Она опять стала врываться к нему не только днем, но и ночью.
— Опять против меня заговоры! — крикнула она, вбегая к нему, когда он уже спал.
— Какие заговоры? Что ты говоришь, Соня? — измученным голосом спросил отец.
— Дневник, где дневник? Ты отдал его Черткову?
— Да не думал даже…
— Нет, ты лжешь! Я ощупала портфель, в нем дневника нет. Куда ты его дел?
— Он у Саши.
Она ушла, и когда отец задремал, она снова разбудила его, пришла извиняться, что напрасно обвинила его.
Приезжала представительница от фирмы "Просвещение". Мам? с таинственным видом говорила, что она сумеет обойти отца, что она не допустит, чтобы сочинения пошли на общее пользование, и проговорилась, что "Просвещение" предлагает ей миллион за права на сочинения.
Узнав об этом, отец встревожился. Чертков посоветовал написать заявление в газеты, предостерегающее издателей от покупки сочинений. Заявление было написано, но отец решил подождать с его публикацией.
Двадцатого октября приехал Михаил Петрович Новиков*. Он произвел на отца прекрасное впечатление.
— Какой умница, какой умница! — повторял отец.
Когда я пришла к нему за письмами в залу, он, весело и немного лукаво улыбаясь, повел меня в кабинет, а оттуда в спальню.
— Идем, идем, я тебе большой секрет скажу! Большой секрет!
Я шла за ним и, глядя на него, мне делалось легче.
— Так вот что я придумал. Я немножко рассказал Новикову о нашем положении и о том, как мне тяжело здесь.
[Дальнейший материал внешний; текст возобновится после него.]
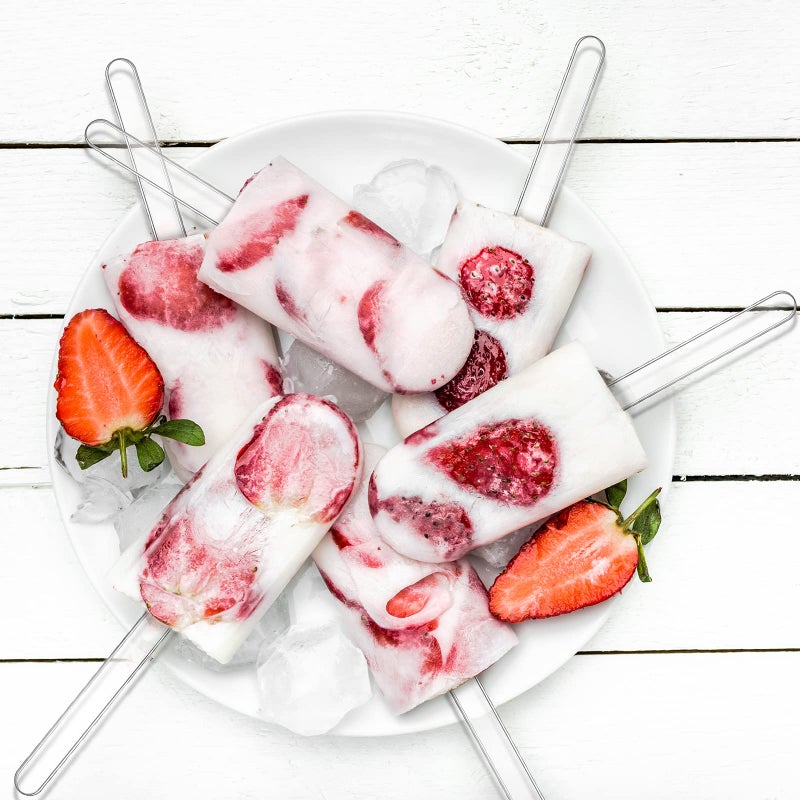 Romooa 30 Pieces Acrylic Sticks Reusable Cakesicle Sticks Cake Pop Mold Mirror Ice Pop Sticks Ice Cream Cakesicle Mold For Home Cake Candy Gifts Party Craft (4.5 Inches  Transparent) - Image 4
Я уеду к нему. Там меня уже не найдут. А знаешь, Новиков мне рассказал, как у его брата жена была алкоголичка, так вот если она уж очень начнет безобразничать, брат походит ее по спине, она и лучше. Помогает. — И отец добродушно засмеялся. — Вот поди ж ты, какие на свете бывают противоречия!
Я тоже расхохоталась и рассказала отцу, как один раз кучер Иван вез Ольгу, а она спросила его, что делается в Ясной. Он ответил, что плохо, а потом обернулся к ней и сказал:
— А что, ваше сиятельство, извините, если я вам скажу. У нас по-деревенски, если баба задурит, муж ее вожжами! Шелковая сделается!
Отец стал еще больше смеяться.
— Да, да, вот поди ж ты, какие бывают…
— Да, по-моему, это не противоречия, — перебила я его, только у них вожжи веревочные, а у нас должны быть нравственные.
— Да, да, я, должно быть, все-таки уеду, — еще раз повторил отец.
Двадцать четвертого отец написал письмо Михаилу Петровичу:
"Михаил Петрович, в связи с тем, что я говорил вам перед вашим уходом, обращаюсь к вам еще со следующей просьбой: если бы действительно случилось то, чтобы я приехал к вам, то не могли бы вы найти мне у вас в деревне хотя бы самую маленькую, но отдельную и теплую хату, так что вас с семьей я стеснял бы самое короткое время. Еще сообщаю вам то, что если бы мне пришлось телеграфировать вам, то я телеграфировал бы вам не от своего имени, а от Т. Николаева*.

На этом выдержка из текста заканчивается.